- EXERCISE PROMPT -
Repeat the data word for word and skip the pictures.

- DATA PROVIDED -
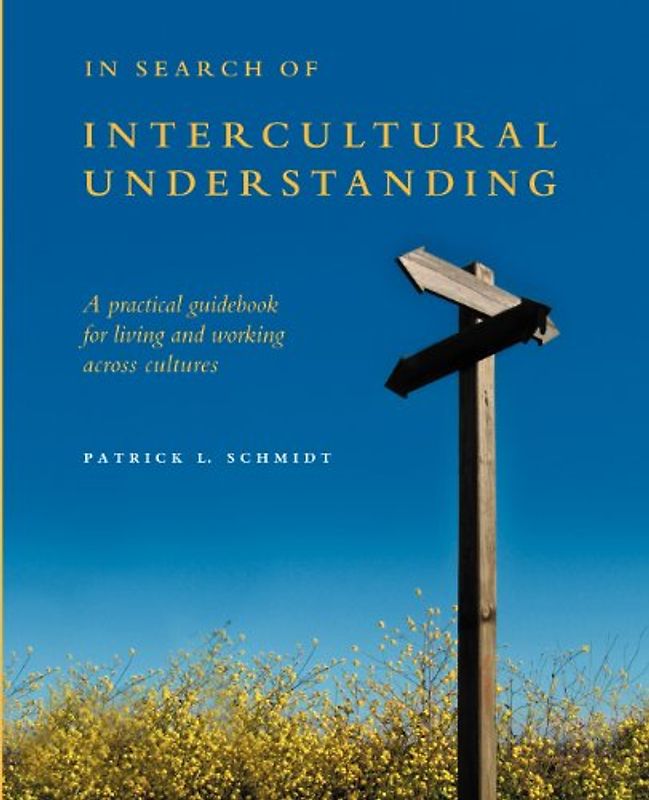In Search of Intercultural Understanding. A practical guidebook for living and working across cultures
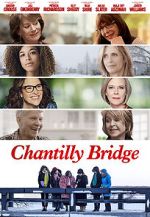 Watch Chantilly Bridge M4ufree
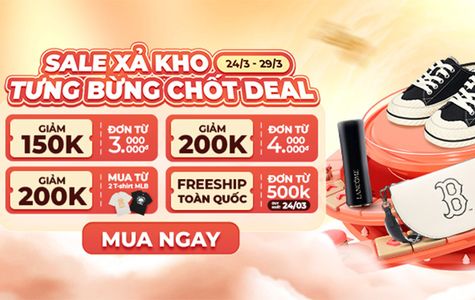 sale-cuoi-thang-3-giat-ngay-voucher-200k-khi-mua-hang-hieu-freeship-0d-cuc-da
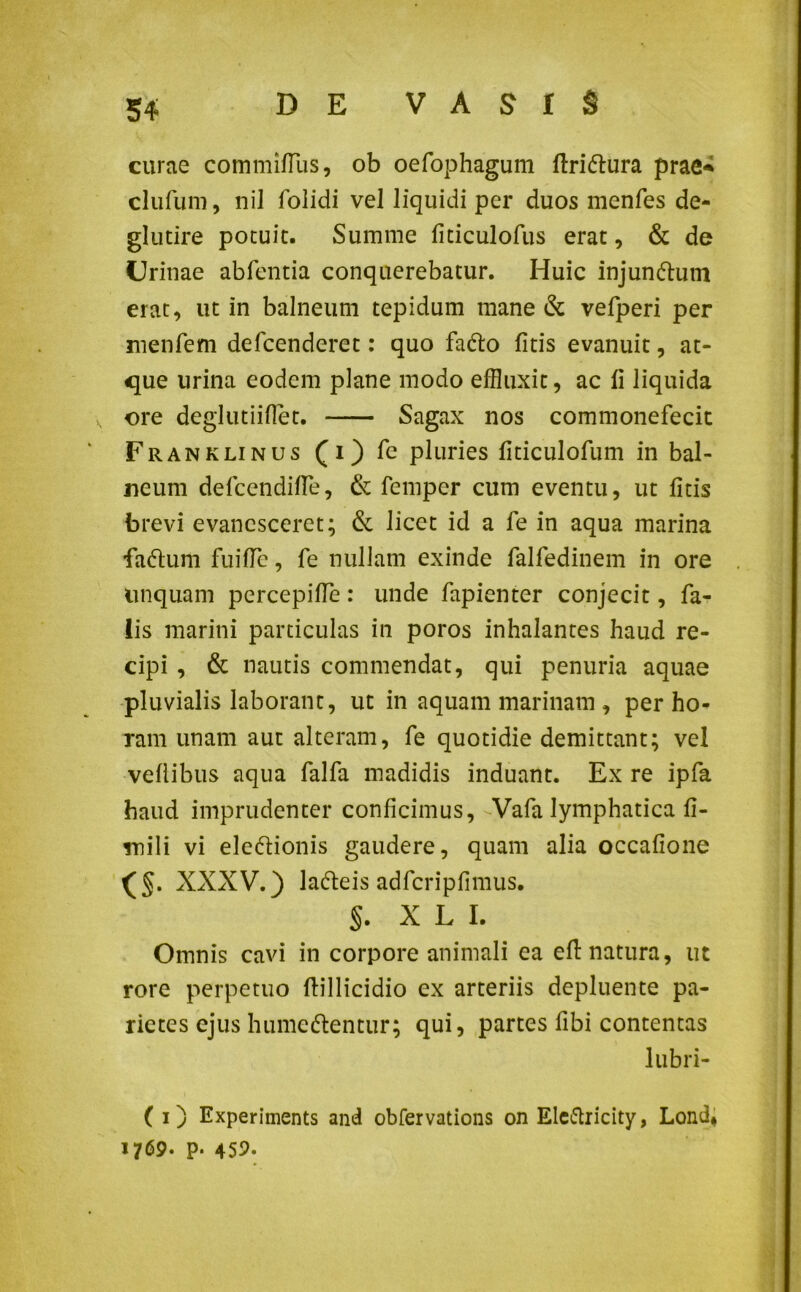 curae commilTus, ob oefophagum ftri&ura prae* clufum, nil folidi vel liquidi per duos menfes de- glutire potuit. Summe liticulofus erat, & de Urinae abfentia conquerebatur. Huic injunftum erat, ut in balneum tepidum mane & vefperi per menfem defcenderet: quo fadlo litis evanuit, at- que urina eodem plane modo effluxit, ac li liquida v ore deglutiifiet. Sagax nos commonefecit Franklinus (i) fe pluries fiticulofum in bal- neum defcendilfe, & femper cum eventu, ut litis brevi evanesceret; & licet id a fe in aqua marina •fa&um fuiUe, fe nullam exinde falfedinem in ore linquam percepiUe: unde fapienter conjecit, fa- lis marini particulas in poros inhalantes haud re- cipi , & nautis commendat, qui penuria aquae pluvialis laborant, ut in aquam marinam , per ho- ram unam aut alteram, fe quotidie demittant; vel vellibus aqua falfa madidis induant. Ex re ipfa haud imprudenter conficimus, -Vafa lymphatica fi- mili vi eledlionis gaudere, quam alia occafione XXXV.) ladeis adfcripfimus. §. X L I. Omnis cavi in corpore animali ea ell: natura, ut rore perpetuo ftillicidio ex arteriis depluente pa- rietes ejus hume&entur; qui, partes fibi contentas lubri- ( i) Experiments and obfervations on Ele&ricity, Lond* 1769- P- 459.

- SOLUTION TO THIS PROBLEM -
In Search of Intercultural Understanding. A practical guidebook for living and working across cultures
 Watch Chantilly Bridge M4ufree
 sale-cuoi-thang-3-giat-ngay-voucher-200k-khi-mua-hang-hieu-freeship-0d-cuc-da
 curae commilTus, ob oefophagum ftri&ura prae* clufum, nil folidi vel liquidi per duos menfes de- glutire potuit. Summe liticulofus erat, & de Urinae abfentia conquerebatur. Huic injunftum erat, ut in balneum tepidum mane & vefperi per menfem defcenderet: quo fadlo litis evanuit, at- que urina eodem plane modo effluxit, ac li liquida v ore deglutiifiet. Sagax nos commonefecit Franklinus (i) fe pluries fiticulofum in bal- neum defcendilfe, & femper cum eventu, ut litis brevi evanesceret; & licet id a fe in aqua marina •fa&um fuiUe, fe nullam exinde falfedinem in ore linquam percepiUe: unde fapienter conjecit, fa- lis marini particulas in poros inhalantes haud re- cipi , & nautis commendat, qui penuria aquae pluvialis laborant, ut in aquam marinam , per ho- ram unam aut alteram, fe quotidie demittant; vel vellibus aqua falfa madidis induant. Ex re ipfa haud imprudenter conficimus, -Vafa lymphatica fi- mili vi eledlionis gaudere, quam alia occafione XXXV.) ladeis adfcripfimus. §. X L I. Omnis cavi in corpore animali ea ell: natura, ut rore perpetuo ftillicidio ex arteriis depluente pa- rietes ejus hume&entur; qui, partes fibi contentas lubri- ( i) Experiments and obfervations on Ele&ricity, Lond* 1769- P- 459.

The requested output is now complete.